We get a lot of women coming on their own, sometimes because they don’t have the support of their family, and they know that the only people who are actually going to hear their voices are the Shari‘ah Council. The Shari‘ah Council is actually enabling them to say what they want to say, to give them that voice even when their families will not listen to them. Of course, this isn’t the side of things that we always hear in the media, but these experiences are very significant.
Most people who come to the Council are simply wanting to do the right thing by God. Some, simply want [to get] a divorce certificate to facilitate a new marriage, while others are concerned just to [dissolve] an existing failed relationship.
We have very few cases where people want to talk about their finances, and when we do, we say that we don’t deal with that. Civil courts deal with assets and custody cases; our role is just to see whether their marriage is viable or not.
When we ask our clients whether they have registered their marriages, often they say no. When we ask women why they have not registered their marriages, they usually say, “because this [Islamic nikāḥ] is the more important one”… And when we ask [clients] whether it rang alarm bells to have not affirmed their [legal] rights, some say, “no, we didn’t register it because we didn’t get round to it.” Some people say “it is a good thing that we did not get round to [registering our marriage], because now it is divorce time, and if we had married it would have cost us so much money and time.
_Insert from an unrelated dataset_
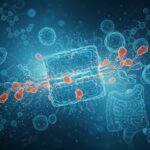 Cellules T Régulatrices : Nobel 2025 Révolutionne la Médecine
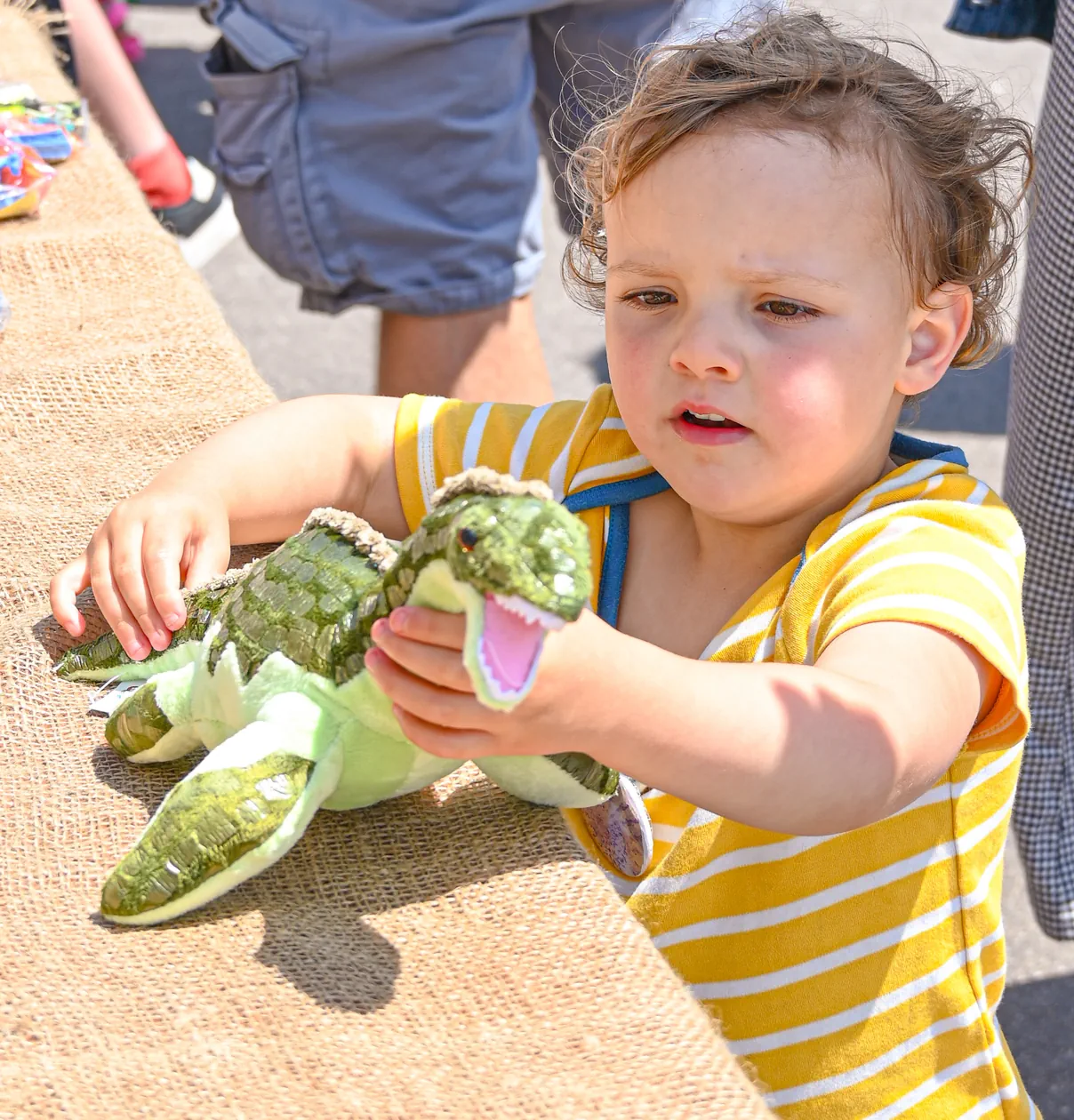 Fossil Festival Lyme Regis 14th June 2025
This way, we can now finish it, move on, and marry somebody else.” […] We had a [client who was a female] lawyer to whom we asked “why did you not register your marriage?” She said, “if I had, I would be ruined by now.” There was another woman who said “I have just as many assets [as my husband], I don’t want to.” As things stand, our council encourages people to register their marriage, or at least, considers that they should be aware [of the consequences if they don’t].
Some people try to put pressure on the individual members [of the Shari‘ah Council], or on the committee of the mosque, but we are not aligned to anyone […] I would not be there if we were. We each have our individual intellects, and as a panel we come to decisions, and we will not be pressured.
I have limited experience of the other [shari‘ah] councils, but I have been told that women now do sit on some of them. Now that there is a Board of Shari‘ah Councils, we are trying to work together, to see how each of us is working. This is the point of the Board: to standardise practices and improve ourselves. We have standardised the forms that we use, and we use both the logo of our own council and of the Board of Shari‘ah Councils. So we are engaging with this kind of standardisation.
When it comes to theological arguments, we try to contextualise what we are doing within Britain. While we are aware of what is going on abroad, in Europe or in Pakistan or elsewhere, this is not our primary concern. The majority of people [that we assist] see themselves as British: they do not think of themselves as being from elsewhere and are trying to do what they can within Britain. So if we are to find a way for the shari‘ah councils to work together, to work within the legal system, then maybe there is a way forward. We need solid answers and proposals for how shari‘ahmight work within our legal system, so that we can move forward together as a society.’